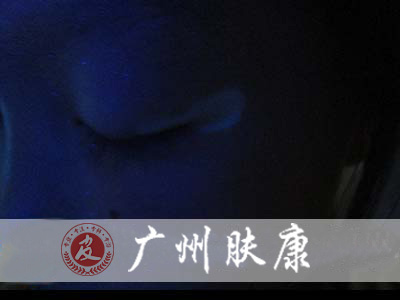 广州肤康皮肤病医院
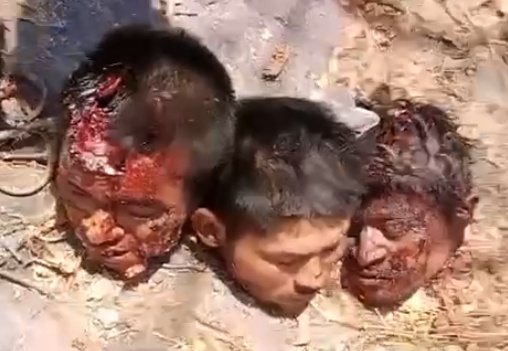 Dismembered Limbs and Gutted Bodies to Celebrate Total Annihilation of Enemies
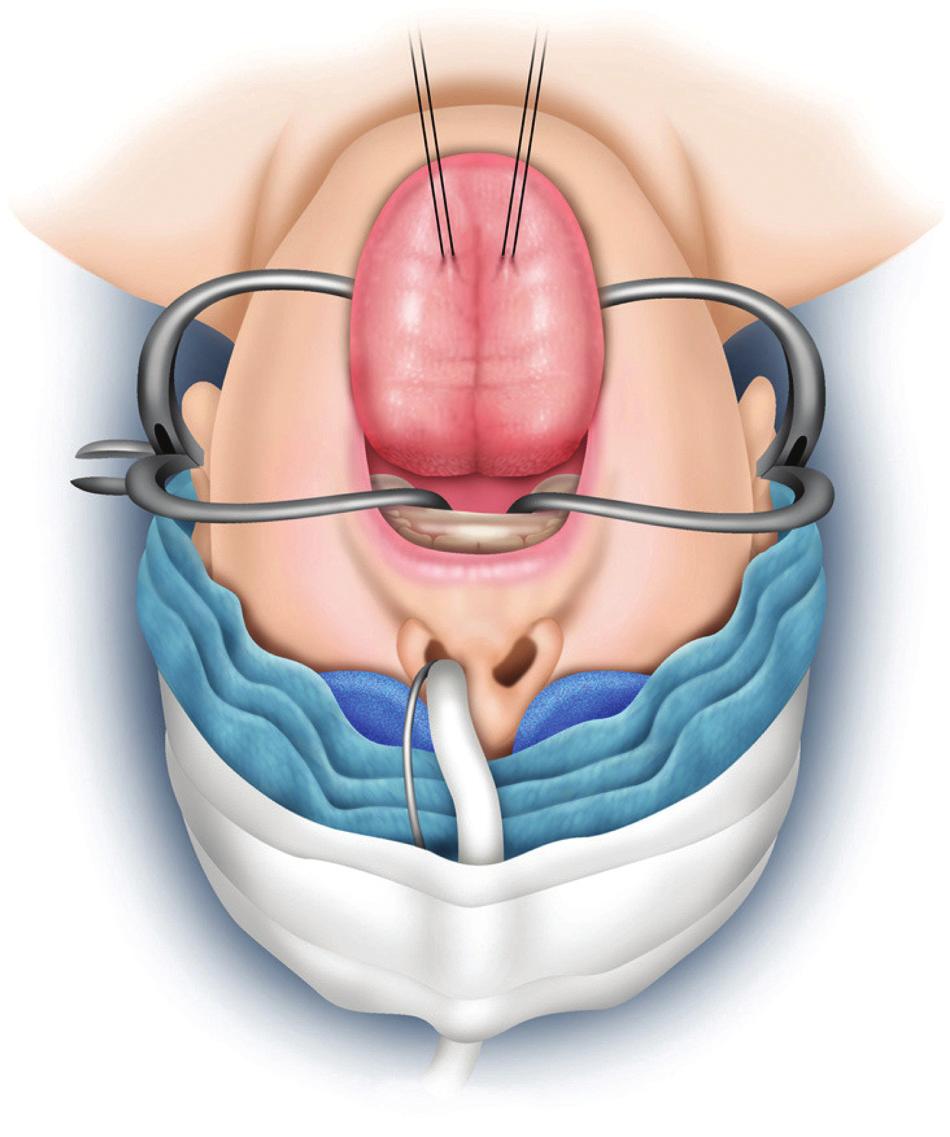 Friedman et al 857 Figure 2. The patient is intubated nasally, and a Jennings mouth gag is placed to allow for a transoral surgical approach.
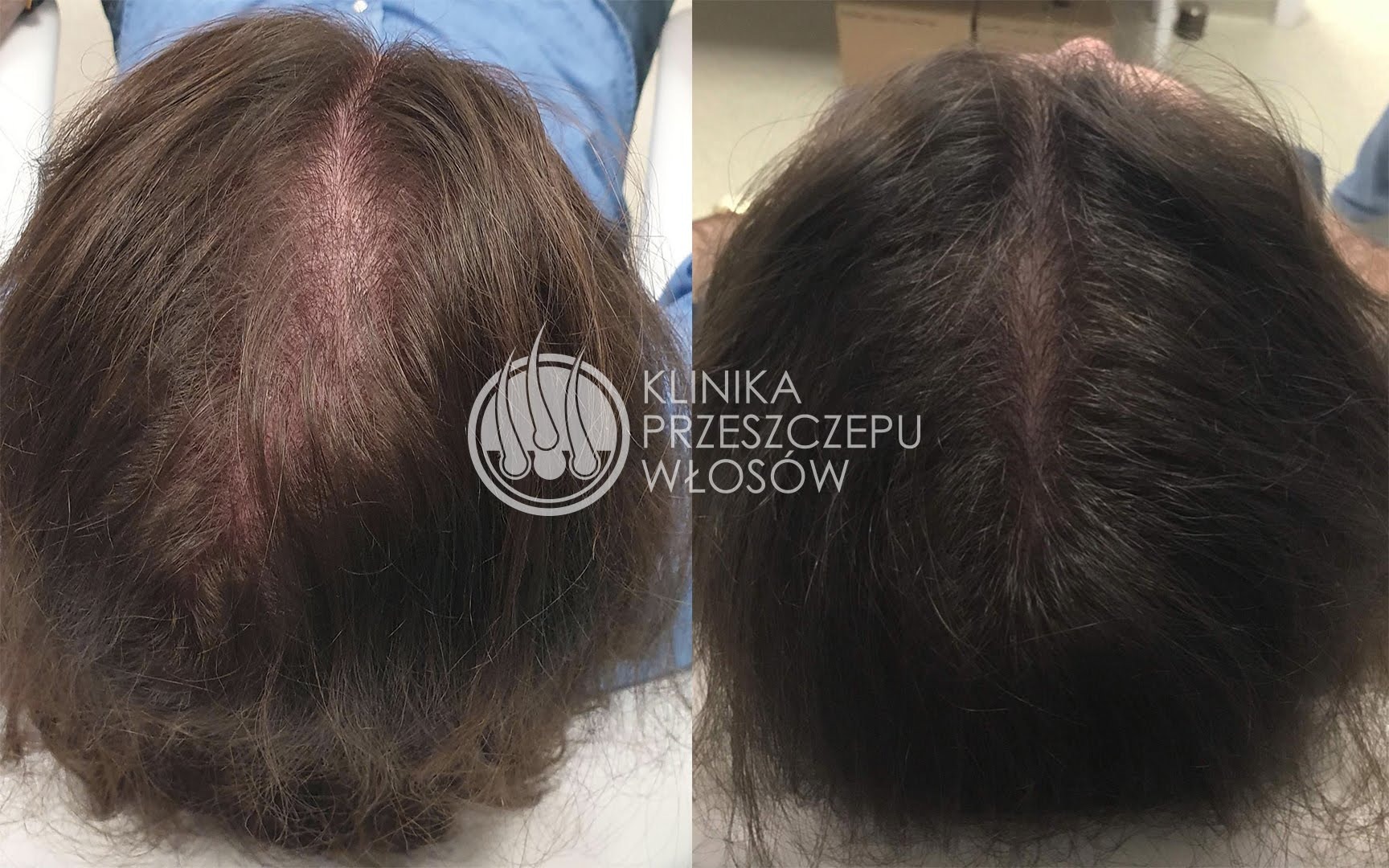 Zdjęcie porównawcze przed i po zabiegu przeszczepu włosów, widok z góry na skórę głowy i włosy pacjenta, po lewej stronie widoczny obszar z przerzedzonymi włosami, po prawej stronie włosy gęstsze...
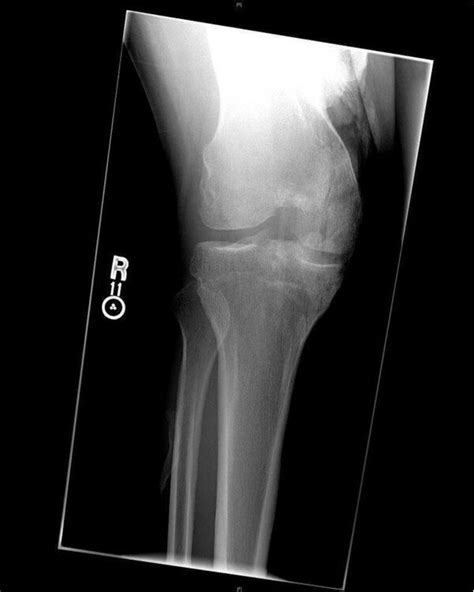 Anteroposterior X Ray Of The Patients Right Knee At The Time Of Download Scientific Diagram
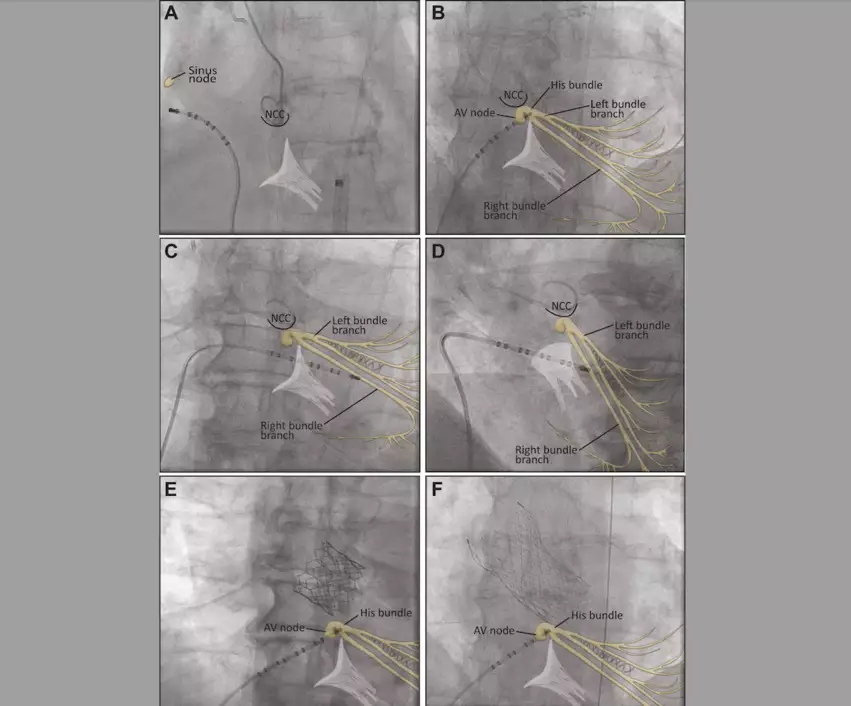 electrophysiology studies during TAVR procedures appear to be safe and effective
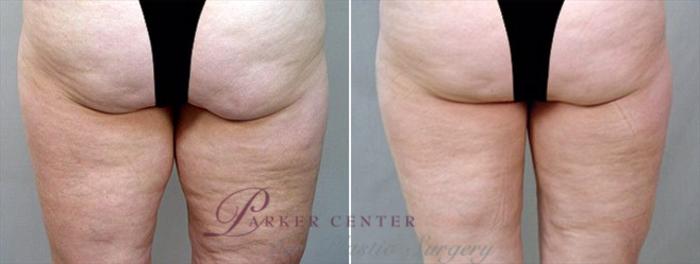 Thigh Lift Case 757 Before & After View #2 | Paramus, NJ | Parker Center for Plastic Surgery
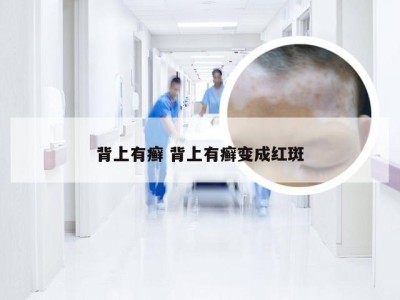 背上有癣 背上有癣变成红斑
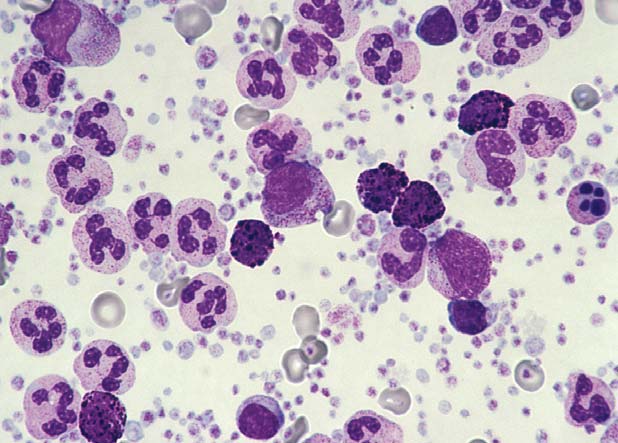 Chronisch Myeloische Leukämie Häufig Zufallsbefund im Blutbild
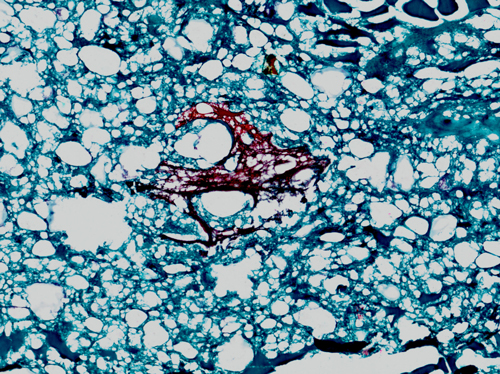Das Bild zeigt die fotografische Aufnahme eines Mikroskopbildes in 20-facher Vergrößerung. Es handelt sich um einen histologischen Schnitt von einer Brühwurst (Regensburger), die einen Partikel von einer wieder verarbeiteten Brühwurst enthält. Das Brät der Regensburger wird im histologischen Schnitt in türkisblauer Farbe dargestellt und weist eine schwammartige Struktur mit zahlreichen, unterschiedlich großen Hohlräumen auf, wobei es sich um ein Proteingerüst aus koaguliertem Muskeleiweiß und darin enthaltenen, winzigen Luftbläschen handelt. Das Brät der wieder verarbeiteten Brühwurst hat ebenfalls eine schwammige Struktur, färbt sich jedoch rot an. Durch das spezielle Färbeverfahren werden Rauchkondensate enthaltende Teile einer wieder verarbeiteten Brühwurst (Wursthülle und direkt darunter liegendes Wurstbrät) rot gefärbt. Der histologische Schnitt wurde mittels eines Gefriermikrotoms (Schneidegerät zur Herstellung hauchdünner Flächenschnitte) von einem Stück Brühwurst abgeschnitten, auf ein Objektträgerglas aufgezogen, fixiert und mit einem speziellen Färbeverfahren nach Charvát gefärbt. Ein üblicher Schnitt in der Lebensmittelhistologie hat ungefähr eine Fläche von 2 x 2 cm und eine Dicke von etwa 10 μm (ca. 1 hundertstel mm).
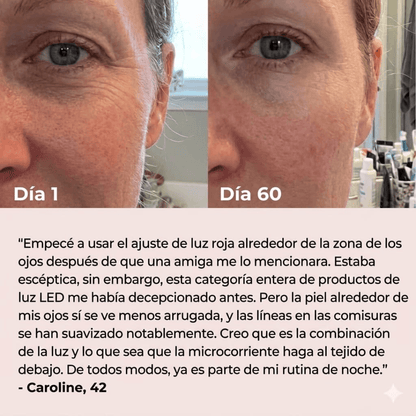 ✨Escultor facial LED 7 en 1 Lumine | Terapia Relajante de Luz led en Casa + Serum EXTRA De Regalo💧💆‍♀️
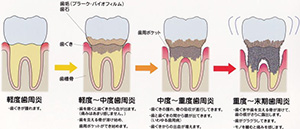 患わないことがいかに大切かについて-その2-2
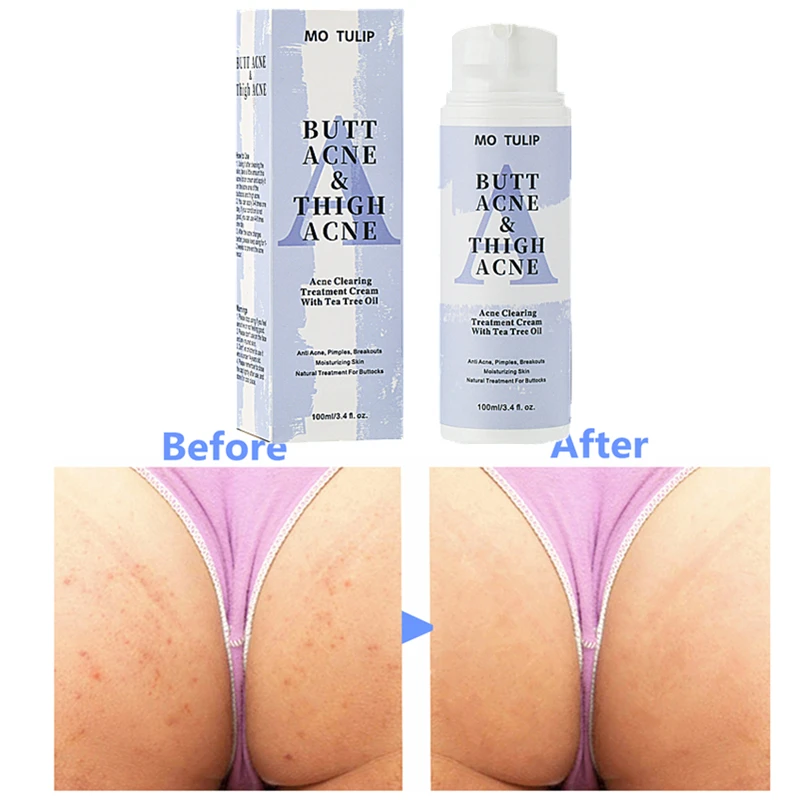 

100ml Butt Acne Clearing Spot Treatment Cream Clears Acne Pimples Zits Razor Bumps and Dark Spots for the Buttocks Thigh Area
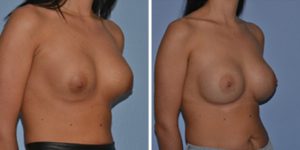 breast implant replacement and removal before after photo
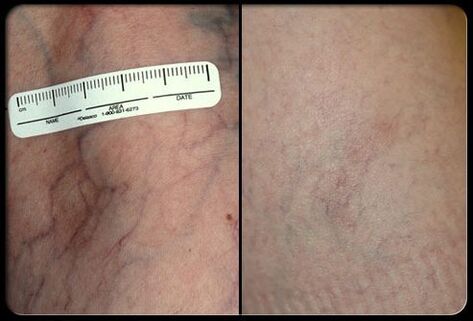 Vor und nach dem Lasertherapieverfahren
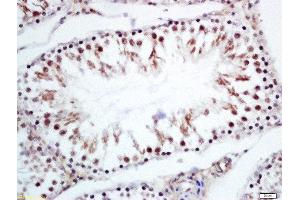 Formalin-fixed and paraffin embedded rat testies labeled with Rabbit Anti-CRNKL1 Polyclonal Antibody, Unconjugated (ABIN2173402) at 1:200 followed by conjugation to the secondary antibody and DAB staining (CRNKL1 anticorps  (AA 201-300))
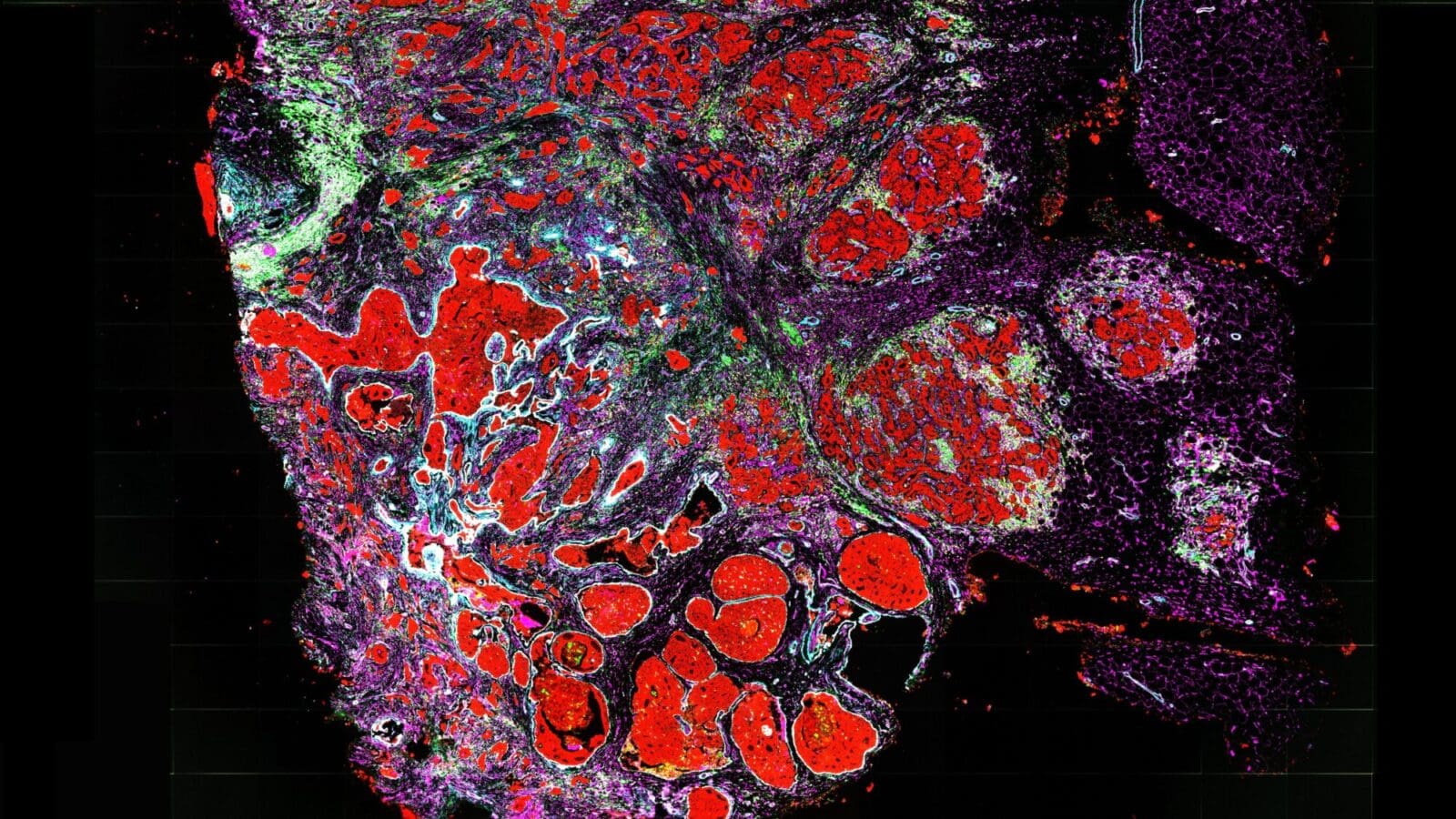 image of breast tissue showing different colored cells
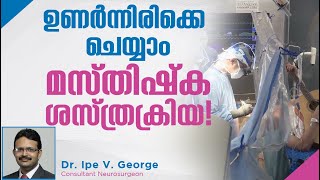 What is Awake Craniotomy Talk by Dr Ipe V George Caritas Hospital Kottayam [upl. by Asaert]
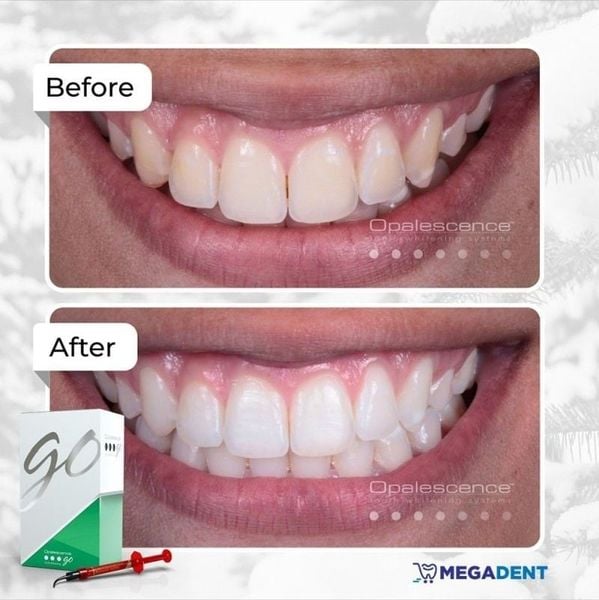 Giải pháp xử lý đốm trắng & tẩy trắng răng an toàn cùng Ultradent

▬▬▬▬▬▬

Brief
Please return only the lines running from the line with "Formalin-fixed and paraffin" to the final line of the data, both included, exactly and without any pictures.

Final answer
 Formalin-fixed and paraffin embedded rat testies labeled with Rabbit Anti-CRNKL1 Polyclonal Antibody, Unconjugated (ABIN2173402) at 1:200 followed by conjugation to the secondary antibody and DAB staining (CRNKL1 anticorps  (AA 201-300))
 image of breast tissue showing different colored cells
 What is Awake Craniotomy Talk by Dr Ipe V George Caritas Hospital Kottayam [upl. by Asaert]
 Giải pháp xử lý đốm trắng & tẩy trắng răng an toàn cùng Ultradent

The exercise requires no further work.